I don't fear our children having no clue of what happened on that fateful day. I fear that they won't learn that we as Americans are more, much more, than this tragedy. The best lessons of the Shoah emphasized that we as Jews are not defined by the Zyklon-B filled chambers that sent many lives that could have been into nothingness. Would that we as a nation were not defined by those planes wrested from their pilots' control ten years ago...

Thursday, September 08, 2011

There are moments in time when you realize you've been living in what has become messy, uncomfortable history, whether it has affected you to your soul or not.

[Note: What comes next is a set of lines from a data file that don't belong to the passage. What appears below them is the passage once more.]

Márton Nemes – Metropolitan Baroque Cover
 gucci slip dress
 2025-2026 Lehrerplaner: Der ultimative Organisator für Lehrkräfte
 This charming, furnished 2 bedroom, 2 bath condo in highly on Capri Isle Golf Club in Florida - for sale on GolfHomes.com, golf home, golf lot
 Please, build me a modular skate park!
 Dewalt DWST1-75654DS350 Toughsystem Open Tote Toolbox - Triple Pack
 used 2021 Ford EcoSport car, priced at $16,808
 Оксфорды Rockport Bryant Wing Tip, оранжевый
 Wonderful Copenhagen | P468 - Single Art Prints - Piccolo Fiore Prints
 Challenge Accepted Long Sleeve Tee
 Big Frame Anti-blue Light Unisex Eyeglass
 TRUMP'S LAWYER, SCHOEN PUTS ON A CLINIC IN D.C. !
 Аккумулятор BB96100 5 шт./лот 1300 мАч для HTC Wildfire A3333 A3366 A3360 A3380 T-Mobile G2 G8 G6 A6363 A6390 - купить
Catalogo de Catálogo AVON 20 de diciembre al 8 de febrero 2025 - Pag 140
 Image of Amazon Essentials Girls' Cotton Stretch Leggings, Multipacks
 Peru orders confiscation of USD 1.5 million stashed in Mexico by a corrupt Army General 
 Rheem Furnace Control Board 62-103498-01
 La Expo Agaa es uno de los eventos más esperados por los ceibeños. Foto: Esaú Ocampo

I had one of those on reading Kristen Buras' "Race, Charter Schools, and Conscious Capitalism" article from the most recent issue of the Harvard Educational Review. Subtitled "On The Spatial Politics Of Whiteness As Property (And The Unconscionable Assault On Black New Orleans)," I found it to be a useful account of the advent of charter schools in New Orleans, dating from the mid-1990's, when Cecil Picard got SB 1305 passed allowing charter schools to operate on a trial basis in some Louisiana school districts, up to the present day's near-charterization of the New Orleans public schools. Amid all the analysis of perception vs. reality in how school "choice" has been faring down here (including a scathing portrait of the Cowen Institute), Buras throws in this bit of tit-for-tat that goes on whenever today's education reformers want their critics to put up or shut up:
Notably, while charter school advocates frequently refer to fraud that predated current reforms, there is much less talk about the fraudulent manner in which the schools were taken over or the ways in which their charterization enables the channeling of public monies into private hands through "legal" means.
Can't think of a better way to describe what one goes through as a critic of the current operations of the "system of schools." The in-your-face paralysis that comes upon me when someone, in a move to shut me down, asks me if I simply want things to go back to the bad old days of OPSB corruption and mismanagement when all I want is some consideration of what still isn't being done with regard to making our schools better is hurtful. Perhaps it's a reaction that comes as part and parcel of being in a city full of people looking for agency. I look at the policy ecology diagram of the New Orleans public schools embedded in Buras' article, however, and it's amazing how many cooks are jostling for position in the local public education kitchen. That's a hell of a lot of agency that could use some organization, a kitchen nightmare in major need of some Gordon Ramsay-type help. The fact that a large number of those cooks have an "oft-repeated exultation" (Buras' term) trumpeting their lack of experience in education is worrisome. The fact that critics can be dismissed as pressing agendas of their own is too cruel.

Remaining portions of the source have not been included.